According to the Surveying and Cartography Law of the People`s Republic of China, private surveying and mapping activities without a certificate are illegal in mainland China. „Since at least 2007, it has been virtually illegal for foreigners to use a GPS device in China. [1] China`s GPS offset problem (or offset) is a class of problems arising from the difference between GCJ-02 and WGS-84 data. Global positioning system coordinates are expressed using WGS-84 and when displayed on road maps of China that follow GCJ-02 coordinates, they appear in significant (often more than 500 meters) and variable amounts. Authorized providers of location-based services and digital maps (such as AutoNavi or NavInfo) must purchase an „offset correction” algorithm that correctly displays GPS positions on the map. [40] Satellite imagery and user-provided road map datasets, such as those from OpenStreetMap, are also displayed correctly because they have been collected with GPS devices (although technically illegal – see legislation). For reasons of national security, the use of geographic information in China is limited to facilities that receive special permission from the Administrative Department of Survey and Cartography of the State Council. GCJ-02 (Chinese: 地形图非线性保密处理算法; lit. The contributor said they think many people can`t easily accept a version of the world that`s different from the one they`ve seen as truth.

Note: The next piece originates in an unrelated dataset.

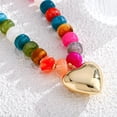 thumbnail image 6 of Leaf Resin Chunky Beaded Necklace for Women, Simple Modern Style Necklace Jewelry Accessory, 6 of 11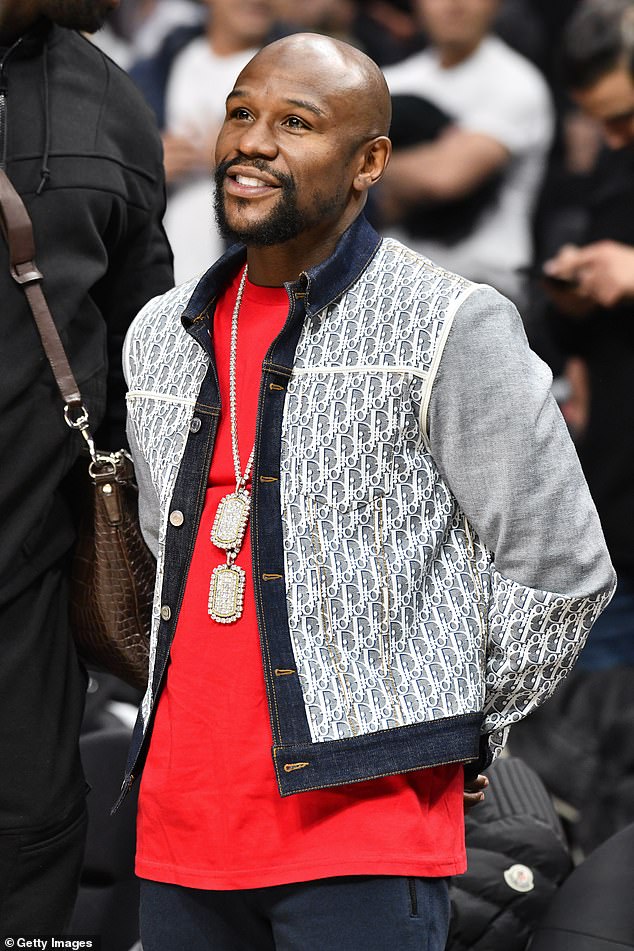 dior jacket floyd mayweather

This could very well be the case with NM$L, which told the rest of the world in a direct message: „Almost all Chinese know that protecting territorial integrity is our duty.” The user stated that he respected the facts on OpenStreetMap and was only trying to „reflect the fact that I know in a disputed area”. Anyone can contribute to OSM, which makes the site democratic and open, but also makes it vulnerable to the politics and perspectives of its individual contributors. This wasn`t the first time Doiron had heard of a user making changes in favor of a particular country. „I know there are pro-Indian accounts that have added things like military checkpoints from the Indian perspective,” he said. Latest images available, very useful for newly developed areas.